At the closed door to the tower meditation room, Remo hesitated. He didn't sense a dog on the other side of the door, either. Carefully he took hold of the doorknob, turned it and eased the panel in. Knowing Chiun, he had probably found some exotic crossbreed, like pit bull and lion. Remo liked animals and didn't want to hurt one just because it thought it was defending Chiun.

A squeakily thin voice said, "If you have come for your things, they are where you left them."

Remo froze in place. "Where's the dog, Chiun?"

"I threw nothing out."

"The dog?"

"What dog?"

"The sign on the door said Beware Of Dog."

"Did the sign say beware of a particular dog?"

"No. But they never do. Is it okay to come in?"

"I will not object to you surveying what has been your home before it is taken apart and transported brick by brick to its place of honor in the Pearl of the Orient."

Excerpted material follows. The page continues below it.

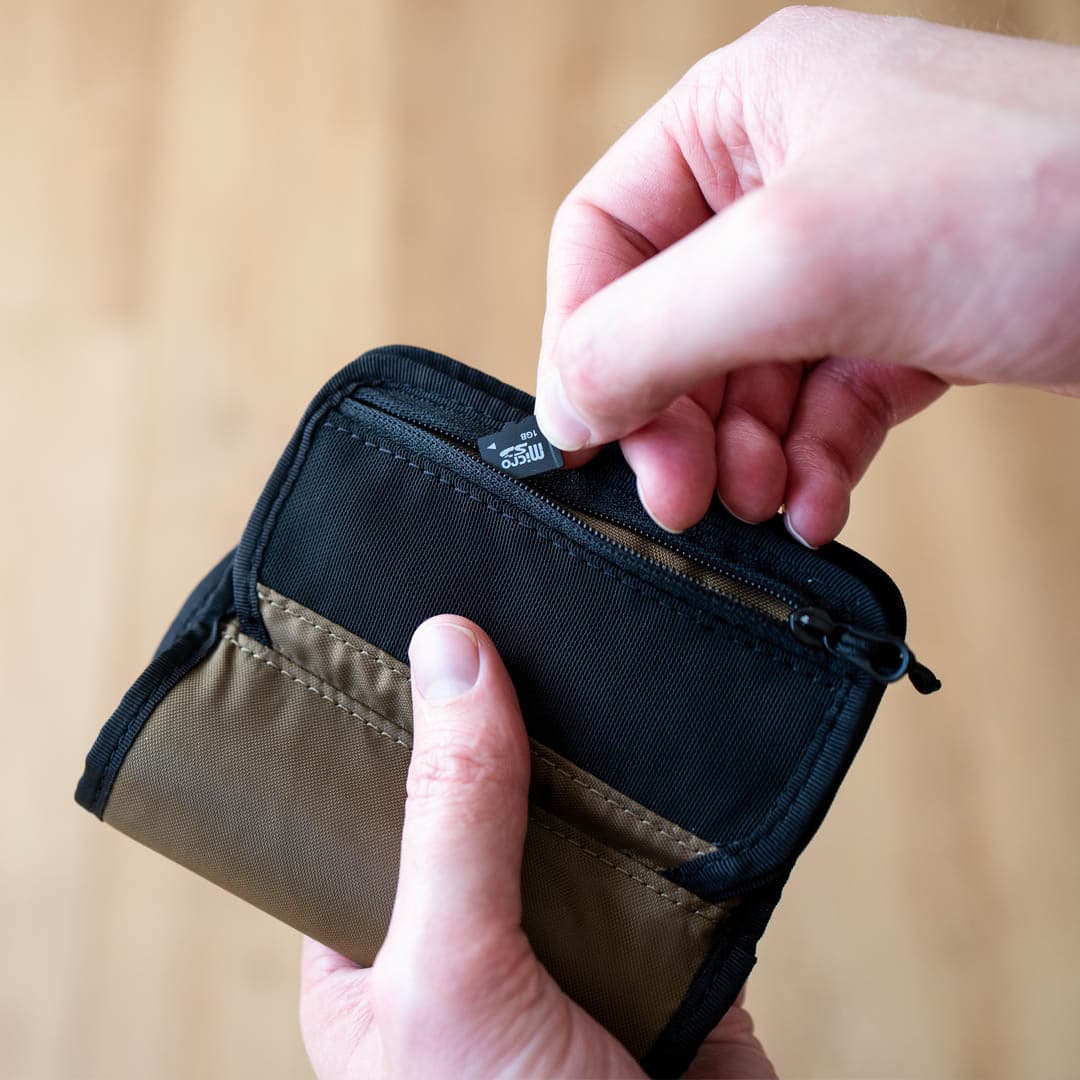 McKinnon Memory Card Case - Image 4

Remo entered. He saw no dog. Just Chiun seated on a tatami mat in the center of the heated stone floor.

"You're moving this rockpile to Sinanju?" he blurted.

Chiun was folding a teal kimono. He didn't look up. "That is no concern of yours. It belongs to the House. And the House has decreed that it be moved to a happier land."

Remo saw the fourteen lacquered steamer trunks into which the Master of Sinanju was packing his spare kimonos.

"Why is there a Beware Of Dog sign if you don't have a dog?" Remo asked.